Having met a frustrated client in need, it reminded me that even when you think you have tried it all, you sometimes forget the most basic of tests based on a presumption. I was caught out by the one thing I always tell my team – Never Presume.
In this scenario the client had a Windows Update package created in SCCM that included 97 updates for Windows 7 and advertised it to the “Unknown Computers” collection. In addition the client also advertised an OS Deployment Task Sequence to the same collection.
Using the “Install Software Updates” task sequence variable included from SCCM did not seem to work and patches were not installed. They had thought there was something inherently wrong with the environment and were out of ideas.

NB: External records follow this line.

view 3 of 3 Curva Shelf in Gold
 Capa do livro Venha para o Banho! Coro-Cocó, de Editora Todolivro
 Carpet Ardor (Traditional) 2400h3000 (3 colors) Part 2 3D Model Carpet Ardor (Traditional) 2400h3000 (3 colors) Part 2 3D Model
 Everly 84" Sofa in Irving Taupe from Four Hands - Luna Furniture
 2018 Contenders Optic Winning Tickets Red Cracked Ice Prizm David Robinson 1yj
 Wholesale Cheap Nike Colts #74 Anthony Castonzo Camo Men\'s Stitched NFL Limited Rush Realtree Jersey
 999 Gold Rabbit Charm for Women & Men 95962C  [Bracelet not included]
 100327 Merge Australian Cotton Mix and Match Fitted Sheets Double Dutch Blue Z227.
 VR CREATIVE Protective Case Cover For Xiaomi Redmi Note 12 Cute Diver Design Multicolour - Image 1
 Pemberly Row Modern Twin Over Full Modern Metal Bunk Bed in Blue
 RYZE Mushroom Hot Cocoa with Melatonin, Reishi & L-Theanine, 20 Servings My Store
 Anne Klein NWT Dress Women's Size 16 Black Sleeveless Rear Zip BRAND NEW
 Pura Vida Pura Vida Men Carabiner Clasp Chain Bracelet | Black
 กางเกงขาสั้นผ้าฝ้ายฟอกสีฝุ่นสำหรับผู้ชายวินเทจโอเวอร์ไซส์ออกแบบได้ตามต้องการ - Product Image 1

To determine what was happening I looked at the usual suspects:
• Enable the SMSSLP= Setting for the Configuration Manager Client installation package
• Checked that the Updates Package Advertisement was to the correct collection
• Ensured that the Package Settings enabled the “use protected Distribution Points”
• Checked the MP download settings
• Checked the IP Site Boundaries were correct
• Checked SCCM for obsolete clients
• Included the KB2509007 client update (http://support.microsoft.com/kb/2509007)
To no avail.
But when I checked the configuration of a SCCM Client that I noticed that the corporate build standard meant the Windows Update Agent was installed but not active. A few changes to the Active Directory policy and the updates installed.
The basic steps sometimes are the easiest ones to skip when you are trying to resolve an issue… and some decent documentation will save you a huge amount of time in the long run.